Legal equality for genders usually focuses on equal rights in our secular world. But as Elder Dallin H. Oaks has pointed out, in the gospel, the issue should be responsibilities, not rights:
Latter-day Saints surely recognize that qualifying for exaltation is not a matter of asserting rights but a matter of fulfilling responsibilities.
Women are not being kept from anything necessary for their advancement.
Woman are able to achieve the highest level of the celestial kingdom, exaltation, without ever being ordained to the priesthood. Further, men cannot attain exaltation without women and women cannot attain it without men, as equal partners.

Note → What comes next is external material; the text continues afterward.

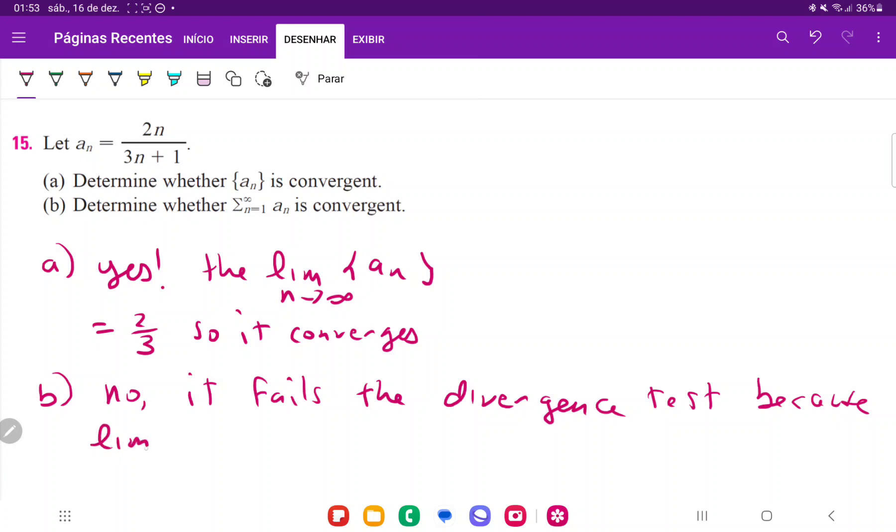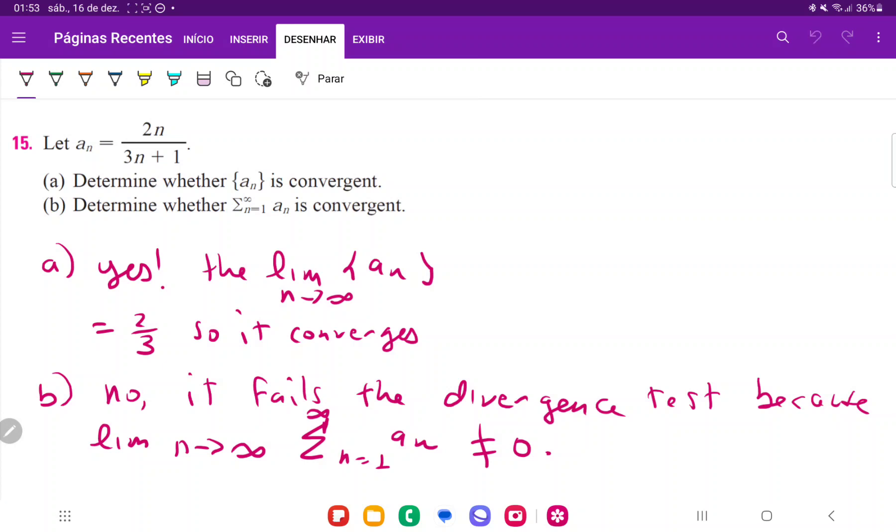And the limit as n approaches infinity of the sum from n equals 1 to infinity of aₙ does not equal 0. And the reason is because if the terms go to 2/3, as you keep adding them, well, you just keep adding 2/3 on and on and on. So that's never going to go somewhere. It's just going to increase infinitely. So it fails the divergence test and therefore is not convergent.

Priesthood Duties in the Old Testament
In the Old Testament church, priesthood responsibility was reserved, by the Lord, for men who were Levites, or in other words, descendants of Aaron.
In modern times, men who are not descendants of Aaron can receive and exercise the priesthood.
The priesthood which is the power and authority to act in God's name here on the earth is not fodder for people to argue about. The power comes from Heavenly Father and He can bestow it on those of His choosing. He is not bound by modern, earthly definitions and notions of legal rights.
How Does Heavenly Father Define Equality?
A history of inequality in the mortal world, does not immediately suggest that the Lord must conform to secular ideas of equality or that inequality actually exists in gender responsibilities in the Church.
It makes sense to appeal to the Father of all creation in order to understand the correct notion of equality. In addition, we may discover that Heavenly Father's definition is different and He is not as preoccupied with this notion as we are.
Guidance from Elder J. Reuben Clark is instructive:
The law of consecration was designed to make us equal in temporal things, but as President J. Reuben Clark Jr. pointed out, this equality is of a special kind. “One of the places in which some of the brethren are going astray is this: There is continuous reference in the revelations to equality among the brethren, but I think you will find only one place where that equality is really described, though it is referred to in other revelations. That revelation (D. & C. 51:3) affirms that every man is to be ‘equal according to his family, according to his circumstances and his wants and needs.’ (See also D. & C. 82:17; 78:5–6.) Obviously, this is not a case of ‘dead level’ equality. It is ‘equality’ that will vary as much as the man’s circumstances, his family, his wants and needs, may vary.” (In Conference Report, Oct. 1942, p. 55.)
There are Different Roles and Responsibilities for Each Gender
In the gospel of Jesus Christ and in His church, there are divinely appointed roles and responsibilities for both men and women. In effect, they are separate, but equal. The world rejects this notion, because efforts by imperfect people will never be equal as long as they are separate.
In the divine world created for us by a loving, and perfect, Heavenly Father, the gender responsibilities are equal. Only an omniscient, omnipotent God could make them so. This is not possible for human efforts.
There is an underlying assumption in the demands of people who insist on women being ordained to the priesthood. It is this: they consider the priesthood role to be more important than the divine role assigned to women. We know Heavenly Father does not consider these roles to be imbalanced or the women's role to be inferior, even if the secular world thinks it is.
Should Heavenly Father wish to bestow priesthood authority on women, He is free to do so. It is His church, after all.
Women who are not happy being wives and mothers in this life, probably will not be happy being wives and mothers in the next life either.